Uit noodzaak zouden de vijanden het verspreid moeten gaan zoeken in de hoeves:
zij allen konden dagelijks uitgeroeid worden door hun ruiterij. Bovendien moest
men voor het algemeen welzijn de privé - belangen verwaarlozen: men moest dorpen
en hoeves langs de weg in brand steken in die richting tot waar de vijanden
schenen te kunnen doordringen om te fourageren. Aan henzelf was de voorraad
aan deze dingen rijkelijk voorhanden, aangezien zij gesteund werden door de
voorraad van diegenen op wiens grondgebied de oorlog werd gevoerd. De Romeinen
echter zouden ofwel het gebrek aan voedsel niet kunnen verdragen ofwel zouden
ze op groot risico verder weg van hun kamp trekken. Het zou er niet aan toe
doen of de Galliërs hen zouden doden of hen van hun tros beroofden, want als
de tros verloren zou gaan dan kon men geen oorlog meer voeren. Bovendien moest
men de steden, die niet beveiligd waren tegen elk gevaar door een versterking
en door hun natuurlijke ligging, in brand steken. Dit opdat deze steden niet
tot toevluchtsoorden zouden kunnen dienen voor zijn landgenoten die zich aan
de krijgsdienst wilden onttrekken en opdat ze niet toegankelijk zouden zijn
voor de Romeinen om er proviand en buit weg te dragen.

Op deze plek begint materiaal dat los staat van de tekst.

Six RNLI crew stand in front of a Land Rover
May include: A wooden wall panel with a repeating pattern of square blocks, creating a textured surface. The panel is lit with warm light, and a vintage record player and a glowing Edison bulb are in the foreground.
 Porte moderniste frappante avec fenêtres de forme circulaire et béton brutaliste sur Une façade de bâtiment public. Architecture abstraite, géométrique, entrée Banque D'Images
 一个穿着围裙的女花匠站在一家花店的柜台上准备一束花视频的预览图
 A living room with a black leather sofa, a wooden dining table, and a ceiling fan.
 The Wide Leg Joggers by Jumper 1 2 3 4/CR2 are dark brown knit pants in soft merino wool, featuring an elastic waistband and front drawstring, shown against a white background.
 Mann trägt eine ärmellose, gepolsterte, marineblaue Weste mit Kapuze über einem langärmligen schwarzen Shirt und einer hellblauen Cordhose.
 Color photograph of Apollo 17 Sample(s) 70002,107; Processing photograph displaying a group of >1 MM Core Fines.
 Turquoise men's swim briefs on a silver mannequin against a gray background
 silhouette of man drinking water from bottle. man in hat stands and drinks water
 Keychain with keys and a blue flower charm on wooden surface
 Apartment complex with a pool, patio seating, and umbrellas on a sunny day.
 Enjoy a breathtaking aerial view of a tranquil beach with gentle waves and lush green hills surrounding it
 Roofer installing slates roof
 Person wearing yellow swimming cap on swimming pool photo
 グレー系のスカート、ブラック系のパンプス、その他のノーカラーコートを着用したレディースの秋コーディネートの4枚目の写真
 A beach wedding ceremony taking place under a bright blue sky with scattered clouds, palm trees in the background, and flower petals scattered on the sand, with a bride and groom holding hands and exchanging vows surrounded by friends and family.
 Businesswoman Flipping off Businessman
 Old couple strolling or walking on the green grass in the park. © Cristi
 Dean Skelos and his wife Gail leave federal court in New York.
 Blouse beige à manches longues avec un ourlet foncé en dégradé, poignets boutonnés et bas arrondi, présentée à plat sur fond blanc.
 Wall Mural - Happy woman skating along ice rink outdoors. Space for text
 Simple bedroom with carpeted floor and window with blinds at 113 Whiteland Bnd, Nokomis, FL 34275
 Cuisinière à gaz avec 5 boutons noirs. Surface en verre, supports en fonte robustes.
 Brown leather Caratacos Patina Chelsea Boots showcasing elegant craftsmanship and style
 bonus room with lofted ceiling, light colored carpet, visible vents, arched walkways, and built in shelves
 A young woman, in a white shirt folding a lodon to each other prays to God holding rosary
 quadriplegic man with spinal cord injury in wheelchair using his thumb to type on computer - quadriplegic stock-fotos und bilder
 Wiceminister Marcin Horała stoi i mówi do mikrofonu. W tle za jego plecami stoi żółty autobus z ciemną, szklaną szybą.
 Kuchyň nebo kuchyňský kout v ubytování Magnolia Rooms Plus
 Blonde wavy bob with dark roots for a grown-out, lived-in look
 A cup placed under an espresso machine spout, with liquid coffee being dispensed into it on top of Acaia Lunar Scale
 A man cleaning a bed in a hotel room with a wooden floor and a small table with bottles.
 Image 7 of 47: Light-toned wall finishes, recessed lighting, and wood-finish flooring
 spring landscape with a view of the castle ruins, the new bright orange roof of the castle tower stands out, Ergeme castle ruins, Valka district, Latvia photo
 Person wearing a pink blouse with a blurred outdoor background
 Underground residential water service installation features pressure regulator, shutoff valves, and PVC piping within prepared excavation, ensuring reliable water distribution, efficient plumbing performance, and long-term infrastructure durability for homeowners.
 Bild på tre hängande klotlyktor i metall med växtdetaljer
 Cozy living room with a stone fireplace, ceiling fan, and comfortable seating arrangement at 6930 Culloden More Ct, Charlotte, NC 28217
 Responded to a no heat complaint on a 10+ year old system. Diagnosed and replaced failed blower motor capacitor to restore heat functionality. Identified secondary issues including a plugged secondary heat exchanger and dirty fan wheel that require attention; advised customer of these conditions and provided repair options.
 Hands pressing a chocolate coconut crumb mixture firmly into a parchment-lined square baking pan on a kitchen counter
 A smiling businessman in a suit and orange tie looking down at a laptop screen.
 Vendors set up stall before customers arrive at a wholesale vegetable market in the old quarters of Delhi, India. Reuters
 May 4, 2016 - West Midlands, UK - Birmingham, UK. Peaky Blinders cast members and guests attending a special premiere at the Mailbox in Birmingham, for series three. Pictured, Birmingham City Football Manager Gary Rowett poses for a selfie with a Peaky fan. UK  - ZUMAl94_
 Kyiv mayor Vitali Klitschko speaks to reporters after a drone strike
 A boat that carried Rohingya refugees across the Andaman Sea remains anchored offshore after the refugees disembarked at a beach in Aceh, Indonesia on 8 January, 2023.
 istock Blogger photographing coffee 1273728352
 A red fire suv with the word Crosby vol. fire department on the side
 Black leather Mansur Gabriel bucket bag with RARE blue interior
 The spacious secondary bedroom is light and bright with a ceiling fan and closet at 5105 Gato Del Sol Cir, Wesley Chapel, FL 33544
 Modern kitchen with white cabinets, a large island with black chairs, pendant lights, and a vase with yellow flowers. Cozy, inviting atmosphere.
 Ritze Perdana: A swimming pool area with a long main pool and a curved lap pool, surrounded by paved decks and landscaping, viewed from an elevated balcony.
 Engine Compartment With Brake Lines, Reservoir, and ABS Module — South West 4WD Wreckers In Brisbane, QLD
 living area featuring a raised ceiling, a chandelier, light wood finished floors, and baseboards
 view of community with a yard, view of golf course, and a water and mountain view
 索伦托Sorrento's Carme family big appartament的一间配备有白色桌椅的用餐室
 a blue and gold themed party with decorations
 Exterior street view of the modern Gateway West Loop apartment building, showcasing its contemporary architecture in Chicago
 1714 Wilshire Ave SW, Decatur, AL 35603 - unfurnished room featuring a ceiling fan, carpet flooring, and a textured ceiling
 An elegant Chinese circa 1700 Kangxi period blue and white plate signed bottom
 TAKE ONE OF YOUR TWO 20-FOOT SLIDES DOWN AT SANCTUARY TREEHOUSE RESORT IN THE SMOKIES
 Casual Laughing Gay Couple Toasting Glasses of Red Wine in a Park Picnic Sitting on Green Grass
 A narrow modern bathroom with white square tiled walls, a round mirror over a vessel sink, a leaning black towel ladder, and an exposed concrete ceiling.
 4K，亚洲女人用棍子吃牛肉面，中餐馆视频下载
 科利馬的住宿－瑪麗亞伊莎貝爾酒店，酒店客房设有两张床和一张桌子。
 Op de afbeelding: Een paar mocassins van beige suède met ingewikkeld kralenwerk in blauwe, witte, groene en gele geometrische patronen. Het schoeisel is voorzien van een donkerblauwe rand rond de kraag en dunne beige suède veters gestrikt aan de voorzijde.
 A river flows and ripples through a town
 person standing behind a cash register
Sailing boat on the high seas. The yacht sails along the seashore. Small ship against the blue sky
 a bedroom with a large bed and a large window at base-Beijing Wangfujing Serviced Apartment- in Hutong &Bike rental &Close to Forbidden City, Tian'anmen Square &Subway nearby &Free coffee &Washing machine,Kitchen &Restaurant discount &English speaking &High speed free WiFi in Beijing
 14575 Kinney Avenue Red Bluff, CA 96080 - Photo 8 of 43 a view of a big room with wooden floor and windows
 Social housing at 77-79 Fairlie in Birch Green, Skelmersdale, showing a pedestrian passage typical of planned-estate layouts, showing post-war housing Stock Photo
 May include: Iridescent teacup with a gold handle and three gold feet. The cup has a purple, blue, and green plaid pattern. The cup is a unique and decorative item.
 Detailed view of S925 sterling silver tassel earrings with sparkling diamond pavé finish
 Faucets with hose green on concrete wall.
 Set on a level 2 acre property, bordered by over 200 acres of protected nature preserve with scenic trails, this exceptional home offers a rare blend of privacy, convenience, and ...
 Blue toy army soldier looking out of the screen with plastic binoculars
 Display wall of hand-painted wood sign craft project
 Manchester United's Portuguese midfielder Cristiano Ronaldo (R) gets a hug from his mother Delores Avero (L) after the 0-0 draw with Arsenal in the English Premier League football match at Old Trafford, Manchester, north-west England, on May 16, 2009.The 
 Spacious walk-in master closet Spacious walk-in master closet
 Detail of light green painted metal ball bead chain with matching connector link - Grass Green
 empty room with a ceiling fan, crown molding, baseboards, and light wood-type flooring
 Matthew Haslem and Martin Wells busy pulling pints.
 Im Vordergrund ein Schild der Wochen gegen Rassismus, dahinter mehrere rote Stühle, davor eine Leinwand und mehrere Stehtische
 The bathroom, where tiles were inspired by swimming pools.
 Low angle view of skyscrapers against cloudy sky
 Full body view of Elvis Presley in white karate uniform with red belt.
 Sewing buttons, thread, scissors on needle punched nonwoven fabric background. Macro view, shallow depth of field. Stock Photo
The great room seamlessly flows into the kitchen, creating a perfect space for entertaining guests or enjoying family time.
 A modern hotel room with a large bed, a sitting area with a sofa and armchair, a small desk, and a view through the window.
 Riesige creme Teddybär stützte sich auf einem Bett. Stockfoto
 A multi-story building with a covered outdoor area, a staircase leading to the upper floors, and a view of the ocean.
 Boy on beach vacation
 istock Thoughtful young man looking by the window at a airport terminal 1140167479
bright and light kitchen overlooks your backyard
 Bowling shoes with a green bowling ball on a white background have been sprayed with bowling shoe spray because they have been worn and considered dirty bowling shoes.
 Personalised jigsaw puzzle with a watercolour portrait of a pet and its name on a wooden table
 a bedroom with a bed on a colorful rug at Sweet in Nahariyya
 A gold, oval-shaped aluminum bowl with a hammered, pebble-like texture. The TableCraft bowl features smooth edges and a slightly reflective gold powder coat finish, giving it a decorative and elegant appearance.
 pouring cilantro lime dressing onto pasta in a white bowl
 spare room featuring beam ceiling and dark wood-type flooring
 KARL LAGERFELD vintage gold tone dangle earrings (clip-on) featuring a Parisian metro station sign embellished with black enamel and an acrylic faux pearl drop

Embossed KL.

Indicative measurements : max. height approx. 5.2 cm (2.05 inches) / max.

Als deze verplichtingen
zwaar of hard schenen, moesten zij bedenken dat het nog veel zwaarder was hun
kinderen en echtgenotes in de slavernij te zien wegslepen en zelf om te komen;
wat overwonnenen onvermijdelijk te wachten staat"
Vercingetorix betoonde zich een zeer bekwaam strateeg: hij sneed de Romeinse aanvoerwegen af, over het hele land organiseerde hij guerrilla - activiteiten, hij verdeelde zijn leger over strategisch belangrijke punten en bezette het hele gebied tot aan de Saône.